▸ Task inputs:

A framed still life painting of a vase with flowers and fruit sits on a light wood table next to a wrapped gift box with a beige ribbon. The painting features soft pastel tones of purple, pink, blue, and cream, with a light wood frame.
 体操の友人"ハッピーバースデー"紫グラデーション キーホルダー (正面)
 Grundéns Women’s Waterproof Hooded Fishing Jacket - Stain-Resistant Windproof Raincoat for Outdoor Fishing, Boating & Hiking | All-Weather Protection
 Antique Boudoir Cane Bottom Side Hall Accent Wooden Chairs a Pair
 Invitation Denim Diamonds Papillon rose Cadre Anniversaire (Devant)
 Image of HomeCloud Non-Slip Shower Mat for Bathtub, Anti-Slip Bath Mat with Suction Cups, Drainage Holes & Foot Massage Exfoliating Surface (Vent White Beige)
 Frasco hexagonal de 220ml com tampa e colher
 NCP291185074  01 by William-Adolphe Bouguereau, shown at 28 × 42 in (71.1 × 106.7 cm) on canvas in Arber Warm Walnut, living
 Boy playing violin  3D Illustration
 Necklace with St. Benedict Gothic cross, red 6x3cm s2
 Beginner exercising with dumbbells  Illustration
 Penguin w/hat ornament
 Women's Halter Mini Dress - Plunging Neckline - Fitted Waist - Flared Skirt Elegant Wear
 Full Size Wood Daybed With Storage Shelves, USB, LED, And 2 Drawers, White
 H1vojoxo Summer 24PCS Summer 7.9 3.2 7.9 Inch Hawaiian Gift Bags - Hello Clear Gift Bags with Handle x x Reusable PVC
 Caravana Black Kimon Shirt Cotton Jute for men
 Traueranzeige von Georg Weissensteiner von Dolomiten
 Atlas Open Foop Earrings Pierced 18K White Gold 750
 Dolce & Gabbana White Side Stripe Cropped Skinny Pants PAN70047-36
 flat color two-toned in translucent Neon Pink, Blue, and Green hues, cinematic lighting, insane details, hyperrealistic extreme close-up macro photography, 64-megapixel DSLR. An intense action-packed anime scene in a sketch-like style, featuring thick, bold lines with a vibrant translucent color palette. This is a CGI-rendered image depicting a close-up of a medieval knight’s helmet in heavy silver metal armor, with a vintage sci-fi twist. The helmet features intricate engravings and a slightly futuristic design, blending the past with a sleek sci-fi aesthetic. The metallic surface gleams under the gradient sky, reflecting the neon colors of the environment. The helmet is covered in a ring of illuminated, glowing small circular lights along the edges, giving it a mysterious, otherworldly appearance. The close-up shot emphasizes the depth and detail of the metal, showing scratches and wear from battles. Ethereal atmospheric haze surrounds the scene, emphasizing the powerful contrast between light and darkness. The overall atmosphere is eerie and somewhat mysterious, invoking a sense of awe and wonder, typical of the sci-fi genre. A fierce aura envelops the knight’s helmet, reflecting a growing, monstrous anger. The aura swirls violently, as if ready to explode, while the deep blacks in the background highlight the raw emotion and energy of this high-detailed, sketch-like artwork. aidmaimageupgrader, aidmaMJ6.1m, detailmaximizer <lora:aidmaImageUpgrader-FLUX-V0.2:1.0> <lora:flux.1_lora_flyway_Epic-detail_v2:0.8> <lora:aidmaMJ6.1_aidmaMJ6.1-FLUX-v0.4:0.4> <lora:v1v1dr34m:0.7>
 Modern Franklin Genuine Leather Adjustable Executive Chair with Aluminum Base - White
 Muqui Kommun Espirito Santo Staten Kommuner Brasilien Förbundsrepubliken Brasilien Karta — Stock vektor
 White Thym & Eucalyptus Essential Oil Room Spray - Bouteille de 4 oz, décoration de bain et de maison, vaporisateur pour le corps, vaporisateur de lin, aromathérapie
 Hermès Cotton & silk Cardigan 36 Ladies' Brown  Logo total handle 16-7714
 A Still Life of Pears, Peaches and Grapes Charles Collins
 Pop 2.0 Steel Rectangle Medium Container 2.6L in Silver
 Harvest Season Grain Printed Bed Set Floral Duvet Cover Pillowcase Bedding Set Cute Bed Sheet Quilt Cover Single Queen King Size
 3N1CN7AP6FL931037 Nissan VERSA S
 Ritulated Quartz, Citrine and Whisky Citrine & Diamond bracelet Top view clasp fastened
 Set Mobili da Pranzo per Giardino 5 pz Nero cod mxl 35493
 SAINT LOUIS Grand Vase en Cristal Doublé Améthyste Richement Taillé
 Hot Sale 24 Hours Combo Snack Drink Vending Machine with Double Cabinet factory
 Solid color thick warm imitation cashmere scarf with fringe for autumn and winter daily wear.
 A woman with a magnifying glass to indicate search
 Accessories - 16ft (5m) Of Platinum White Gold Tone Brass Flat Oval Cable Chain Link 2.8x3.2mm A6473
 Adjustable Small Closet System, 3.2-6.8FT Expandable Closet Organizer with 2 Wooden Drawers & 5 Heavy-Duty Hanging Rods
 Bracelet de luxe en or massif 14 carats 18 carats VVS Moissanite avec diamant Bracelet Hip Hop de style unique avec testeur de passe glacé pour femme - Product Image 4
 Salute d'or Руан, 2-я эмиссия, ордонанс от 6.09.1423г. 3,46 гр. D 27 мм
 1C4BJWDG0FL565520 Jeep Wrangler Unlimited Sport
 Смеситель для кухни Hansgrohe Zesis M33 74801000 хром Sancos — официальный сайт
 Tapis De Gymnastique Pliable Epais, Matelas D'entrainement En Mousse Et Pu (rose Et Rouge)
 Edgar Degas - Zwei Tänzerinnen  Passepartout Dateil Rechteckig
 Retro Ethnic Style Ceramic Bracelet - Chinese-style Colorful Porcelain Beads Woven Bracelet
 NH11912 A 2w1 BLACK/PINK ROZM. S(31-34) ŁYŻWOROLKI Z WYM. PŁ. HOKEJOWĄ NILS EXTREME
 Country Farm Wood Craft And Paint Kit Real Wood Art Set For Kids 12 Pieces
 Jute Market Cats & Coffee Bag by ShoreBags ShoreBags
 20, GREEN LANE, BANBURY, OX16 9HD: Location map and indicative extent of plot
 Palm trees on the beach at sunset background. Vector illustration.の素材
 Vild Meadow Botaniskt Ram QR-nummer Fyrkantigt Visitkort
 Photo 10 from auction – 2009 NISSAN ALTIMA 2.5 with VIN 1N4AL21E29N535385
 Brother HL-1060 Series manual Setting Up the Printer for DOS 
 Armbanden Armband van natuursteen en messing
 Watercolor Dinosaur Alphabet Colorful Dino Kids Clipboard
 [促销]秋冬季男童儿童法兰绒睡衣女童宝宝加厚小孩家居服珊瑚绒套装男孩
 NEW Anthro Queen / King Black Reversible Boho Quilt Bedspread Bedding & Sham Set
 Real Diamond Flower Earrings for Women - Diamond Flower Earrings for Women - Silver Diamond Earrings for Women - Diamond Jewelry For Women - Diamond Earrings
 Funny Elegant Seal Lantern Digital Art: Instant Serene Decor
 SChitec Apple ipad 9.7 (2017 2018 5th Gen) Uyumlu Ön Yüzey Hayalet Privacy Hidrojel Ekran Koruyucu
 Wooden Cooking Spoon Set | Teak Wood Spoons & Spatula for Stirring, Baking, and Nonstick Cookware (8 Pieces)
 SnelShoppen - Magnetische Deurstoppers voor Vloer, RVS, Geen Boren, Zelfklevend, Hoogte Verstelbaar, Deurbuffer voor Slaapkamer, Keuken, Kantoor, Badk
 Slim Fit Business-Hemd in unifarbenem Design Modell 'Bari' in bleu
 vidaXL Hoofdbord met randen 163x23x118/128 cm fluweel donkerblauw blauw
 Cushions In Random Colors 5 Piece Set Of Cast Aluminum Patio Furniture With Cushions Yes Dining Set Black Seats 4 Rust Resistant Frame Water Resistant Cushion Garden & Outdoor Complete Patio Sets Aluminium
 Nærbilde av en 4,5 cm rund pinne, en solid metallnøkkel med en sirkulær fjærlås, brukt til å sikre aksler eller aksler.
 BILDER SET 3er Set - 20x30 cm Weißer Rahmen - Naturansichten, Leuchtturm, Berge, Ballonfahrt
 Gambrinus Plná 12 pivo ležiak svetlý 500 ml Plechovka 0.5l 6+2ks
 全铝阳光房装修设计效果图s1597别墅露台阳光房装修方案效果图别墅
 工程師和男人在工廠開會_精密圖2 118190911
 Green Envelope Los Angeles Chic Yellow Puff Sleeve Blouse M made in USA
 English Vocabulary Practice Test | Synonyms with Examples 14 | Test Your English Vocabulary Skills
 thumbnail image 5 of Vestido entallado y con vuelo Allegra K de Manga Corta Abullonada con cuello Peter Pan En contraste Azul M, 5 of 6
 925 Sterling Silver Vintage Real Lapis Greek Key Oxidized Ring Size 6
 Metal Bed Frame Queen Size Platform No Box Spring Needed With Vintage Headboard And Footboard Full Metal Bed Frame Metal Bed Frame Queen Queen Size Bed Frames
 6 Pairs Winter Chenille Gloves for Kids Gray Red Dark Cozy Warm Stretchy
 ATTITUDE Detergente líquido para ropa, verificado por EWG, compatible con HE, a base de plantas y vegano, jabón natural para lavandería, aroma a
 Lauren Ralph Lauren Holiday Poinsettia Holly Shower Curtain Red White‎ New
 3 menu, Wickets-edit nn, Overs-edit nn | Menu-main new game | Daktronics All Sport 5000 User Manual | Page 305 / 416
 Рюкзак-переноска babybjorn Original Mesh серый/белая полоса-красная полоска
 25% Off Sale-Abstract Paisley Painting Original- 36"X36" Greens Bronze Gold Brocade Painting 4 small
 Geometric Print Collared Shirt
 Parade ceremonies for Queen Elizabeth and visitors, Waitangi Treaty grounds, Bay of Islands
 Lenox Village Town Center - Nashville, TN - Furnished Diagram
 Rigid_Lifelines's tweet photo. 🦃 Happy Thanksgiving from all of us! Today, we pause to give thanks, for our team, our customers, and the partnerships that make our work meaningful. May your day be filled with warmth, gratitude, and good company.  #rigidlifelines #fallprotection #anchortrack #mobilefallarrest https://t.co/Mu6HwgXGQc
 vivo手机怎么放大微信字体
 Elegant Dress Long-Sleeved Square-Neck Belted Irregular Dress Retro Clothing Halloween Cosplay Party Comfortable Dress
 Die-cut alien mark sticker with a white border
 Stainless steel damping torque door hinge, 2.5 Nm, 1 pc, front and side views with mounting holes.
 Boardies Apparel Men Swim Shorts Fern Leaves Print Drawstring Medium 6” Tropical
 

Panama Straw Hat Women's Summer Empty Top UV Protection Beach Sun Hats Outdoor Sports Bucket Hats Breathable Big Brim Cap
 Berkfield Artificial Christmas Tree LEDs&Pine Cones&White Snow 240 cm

▸ Problem requirements: Return, from the data, each line where the string "Bedding" occurs.

▸ Worked solution:
 Harvest Season Grain Printed Bed Set Floral Duvet Cover Pillowcase Bedding Set Cute Bed Sheet Quilt Cover Single Queen King Size
 NEW Anthro Queen / King Black Reversible Boho Quilt Bedspread Bedding & Sham Set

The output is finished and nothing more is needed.